5. The interventions have been changed.
6. The secondary outcome measures have been changed.
7. The participant inclusion criteria have been changed.
8. The recruitment end date has been changed from 30/11/2020 to 30/06/2022.
9. Salisbury District Hospital, Queens Hospital, Blackpool Victoria Hospital, Royal Bolton Hospital, Darent Valley Hospital, The William Harvey Hospital, Queen Elizabeth The Queen Mother Hospital, Frimley Park Hospital, Hillingdon Hospital, St Mary's Hospital, West Suffolk Hospital, James Paget University Hospital, Leicester Royal Infirmary, Wythenshawe Hospital, North Manchester General Hospital, Medway Maritime Hospital, Royal Victoria Infirmary, Southmead Hospital, North Tyneside Hospital, The Royal Oldham Hospital, The Royal Oldham Hospital, Royal Cornwall Hospital, The James Cook University Hospital, Stepping Hill Hospital, Wrightington Hospital, St George’s Hospital, Norfolk and Norwich University Hospital and Maidstone Hospital have been added to the trial participating centres.

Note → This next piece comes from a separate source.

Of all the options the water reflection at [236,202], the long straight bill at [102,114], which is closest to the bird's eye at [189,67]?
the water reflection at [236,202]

10. The IPD sharing statement and summary have been updated.
11. A public contact has been added.
06/09/2021: The following changes were made to the trial record:
1. The overall end date was changed from 31/08/2021 to 31/03/2023.
2. The intention to publish date was changed from 31/08/2022 to 31/03/2024.
3. The plain English summary was updated to reflect these changes.
11/01/2021: Publication reference added.
15/06/2020: The contact details were changed.